Brief descriptive captions

◇ ◇ ◇ ◇ ◇ ◇ ◇

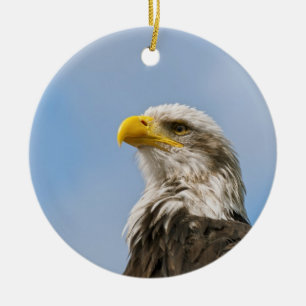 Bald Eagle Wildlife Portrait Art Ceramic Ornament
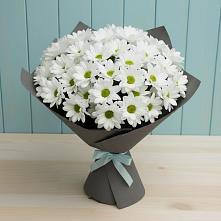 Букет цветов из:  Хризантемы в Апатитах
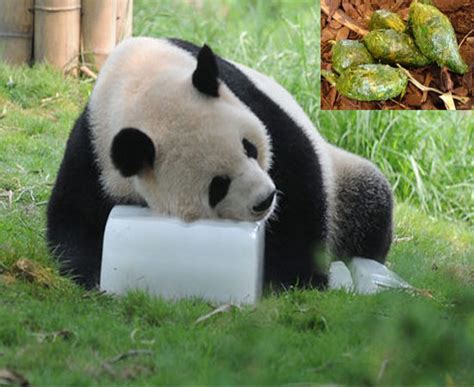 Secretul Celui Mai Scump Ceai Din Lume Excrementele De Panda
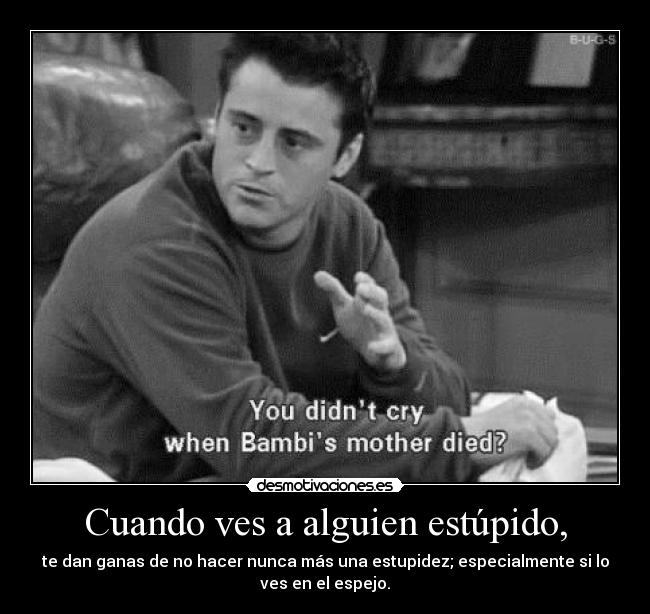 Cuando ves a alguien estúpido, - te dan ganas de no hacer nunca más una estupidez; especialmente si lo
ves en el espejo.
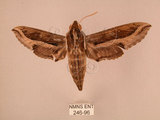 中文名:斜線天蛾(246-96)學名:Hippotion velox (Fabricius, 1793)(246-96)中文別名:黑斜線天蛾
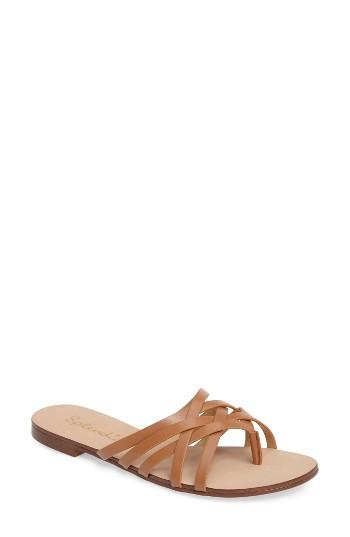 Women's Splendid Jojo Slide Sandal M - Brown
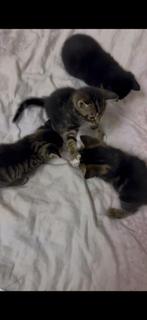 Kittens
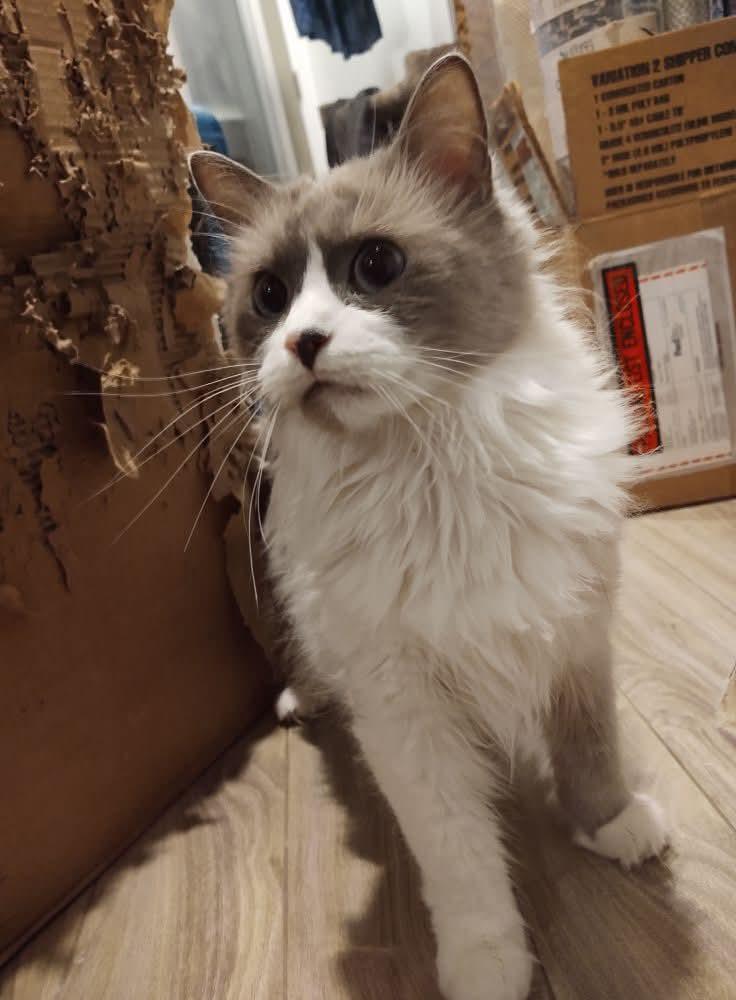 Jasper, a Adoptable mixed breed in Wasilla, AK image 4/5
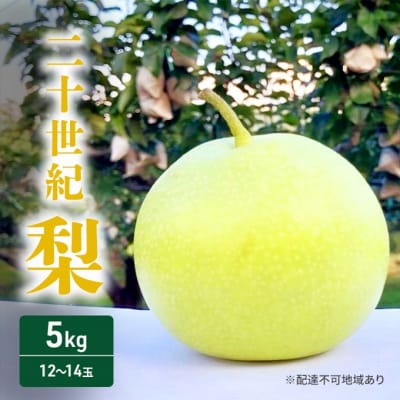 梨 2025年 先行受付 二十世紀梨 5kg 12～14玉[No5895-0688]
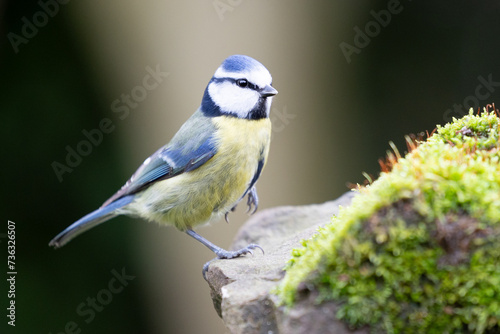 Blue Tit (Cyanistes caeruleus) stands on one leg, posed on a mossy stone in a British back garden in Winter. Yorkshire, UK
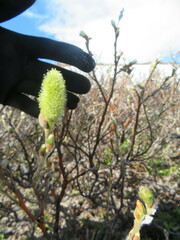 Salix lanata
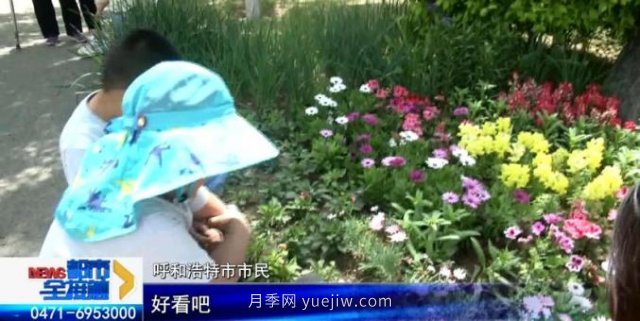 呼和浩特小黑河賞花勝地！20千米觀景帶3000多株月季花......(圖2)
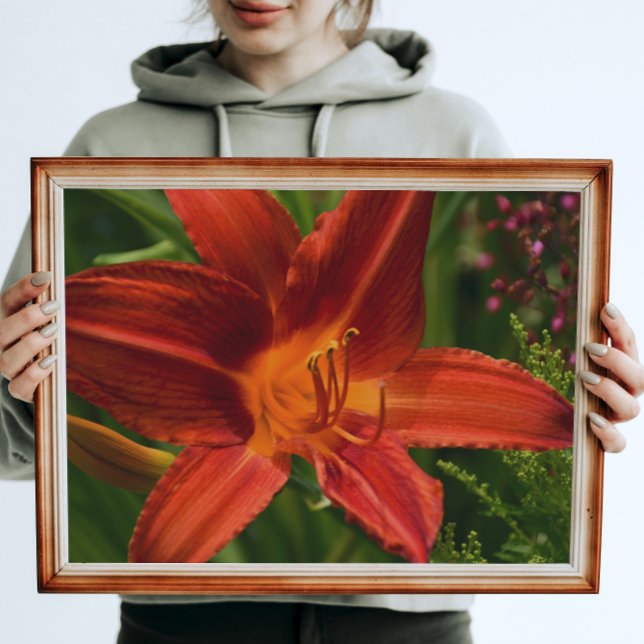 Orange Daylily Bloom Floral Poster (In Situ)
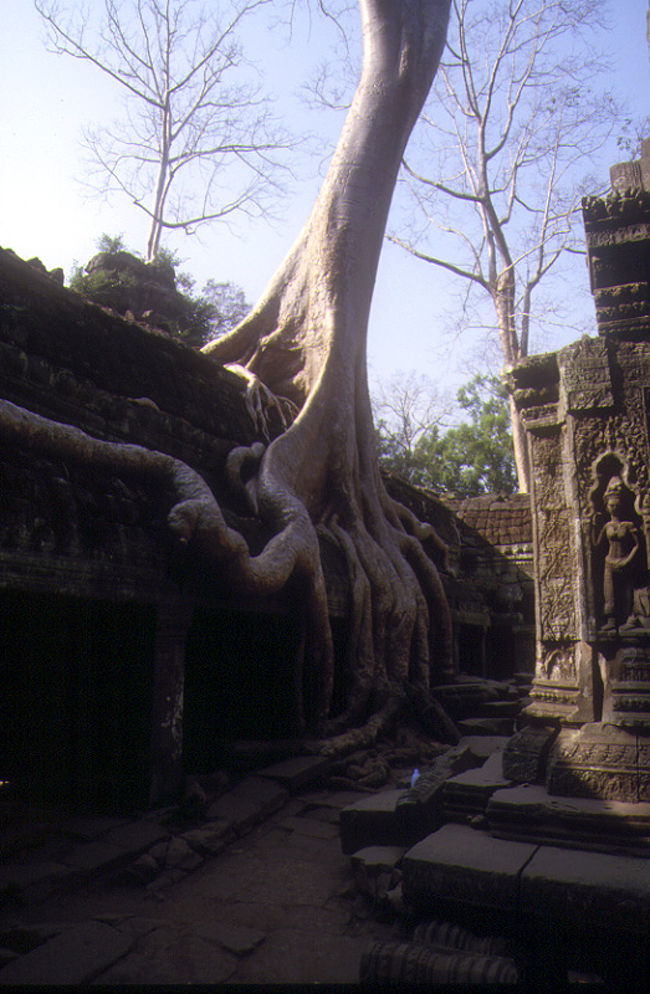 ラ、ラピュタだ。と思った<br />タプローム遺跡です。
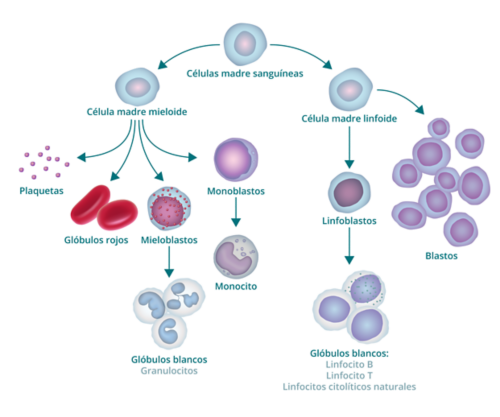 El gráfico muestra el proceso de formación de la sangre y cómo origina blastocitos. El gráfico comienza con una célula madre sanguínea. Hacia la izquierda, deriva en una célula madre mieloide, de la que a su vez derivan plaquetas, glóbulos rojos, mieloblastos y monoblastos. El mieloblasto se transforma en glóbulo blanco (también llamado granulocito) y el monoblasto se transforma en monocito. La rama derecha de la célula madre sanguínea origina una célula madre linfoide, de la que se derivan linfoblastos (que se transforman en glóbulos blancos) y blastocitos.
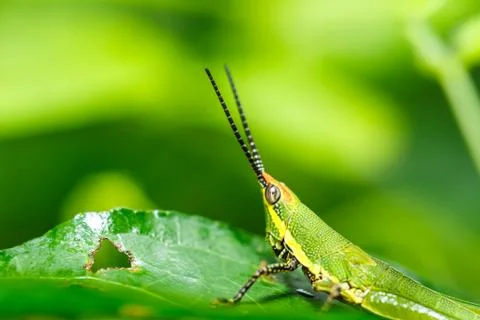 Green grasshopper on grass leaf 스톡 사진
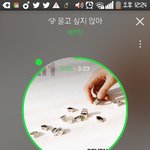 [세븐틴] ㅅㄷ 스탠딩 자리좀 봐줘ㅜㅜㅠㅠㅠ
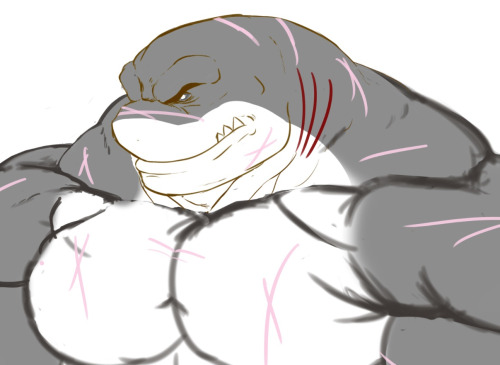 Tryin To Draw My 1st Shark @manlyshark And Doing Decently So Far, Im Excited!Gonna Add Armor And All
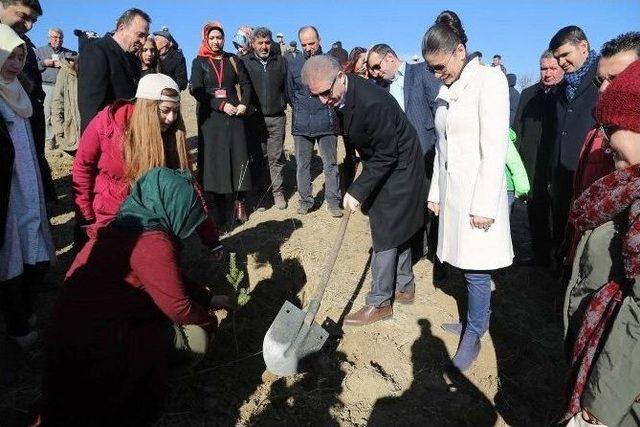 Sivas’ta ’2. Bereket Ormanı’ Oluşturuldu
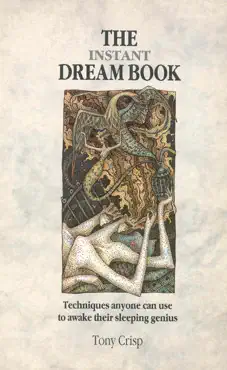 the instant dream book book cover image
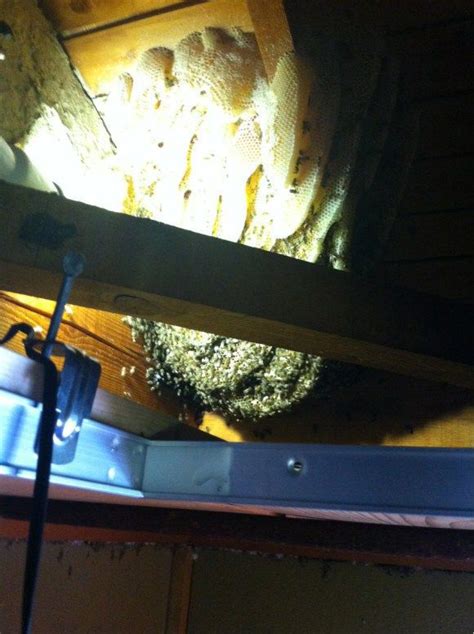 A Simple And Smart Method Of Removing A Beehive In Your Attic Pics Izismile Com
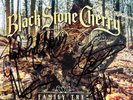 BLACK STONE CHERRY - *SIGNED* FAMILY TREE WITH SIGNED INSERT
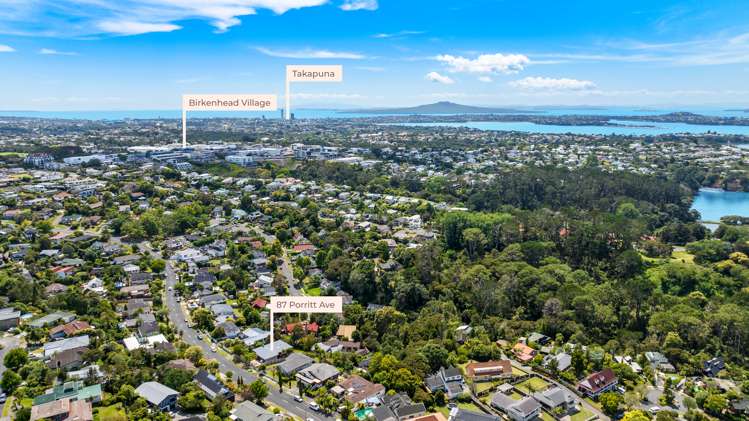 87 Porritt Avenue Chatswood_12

◇ ◇ ◇ ◇ ◇ ◇ ◇

EXERCISE GOAL: Each line above is to be copied verbatim. Drop any image from the copy.

EXERCISE OUTPUT:
 Bald Eagle Wildlife Portrait Art Ceramic Ornament
 Букет цветов из:  Хризантемы в Апатитах
 Secretul Celui Mai Scump Ceai Din Lume Excrementele De Panda
 Cuando ves a alguien estúpido, - te dan ganas de no hacer nunca más una estupidez; especialmente si lo
ves en el espejo.
 中文名:斜線天蛾(246-96)學名:Hippotion velox (Fabricius, 1793)(246-96)中文別名:黑斜線天蛾
 Women's Splendid Jojo Slide Sandal M - Brown
 Kittens
 Jasper, a Adoptable mixed breed in Wasilla, AK image 4/5
 梨 2025年 先行受付 二十世紀梨 5kg 12～14玉[No5895-0688]
 Blue Tit (Cyanistes caeruleus) stands on one leg, posed on a mossy stone in a British back garden in Winter. Yorkshire, UK
 Salix lanata
 呼和浩特小黑河賞花勝地！20千米觀景帶3000多株月季花......(圖2)
 Orange Daylily Bloom Floral Poster (In Situ)
 ラ、ラピュタだ。と思った<br />タプローム遺跡です。
 El gráfico muestra el proceso de formación de la sangre y cómo origina blastocitos. El gráfico comienza con una célula madre sanguínea. Hacia la izquierda, deriva en una célula madre mieloide, de la que a su vez derivan plaquetas, glóbulos rojos, mieloblastos y monoblastos. El mieloblasto se transforma en glóbulo blanco (también llamado granulocito) y el monoblasto se transforma en monocito. La rama derecha de la célula madre sanguínea origina una célula madre linfoide, de la que se derivan linfoblastos (que se transforman en glóbulos blancos) y blastocitos.
 Green grasshopper on grass leaf 스톡 사진
 [세븐틴] ㅅㄷ 스탠딩 자리좀 봐줘ㅜㅜㅠㅠㅠ
 Tryin To Draw My 1st Shark @manlyshark And Doing Decently So Far, Im Excited!Gonna Add Armor And All
 Sivas’ta ’2. Bereket Ormanı’ Oluşturuldu
 the instant dream book book cover image
 A Simple And Smart Method Of Removing A Beehive In Your Attic Pics Izismile Com
 BLACK STONE CHERRY - *SIGNED* FAMILY TREE WITH SIGNED INSERT
 87 Porritt Avenue Chatswood_12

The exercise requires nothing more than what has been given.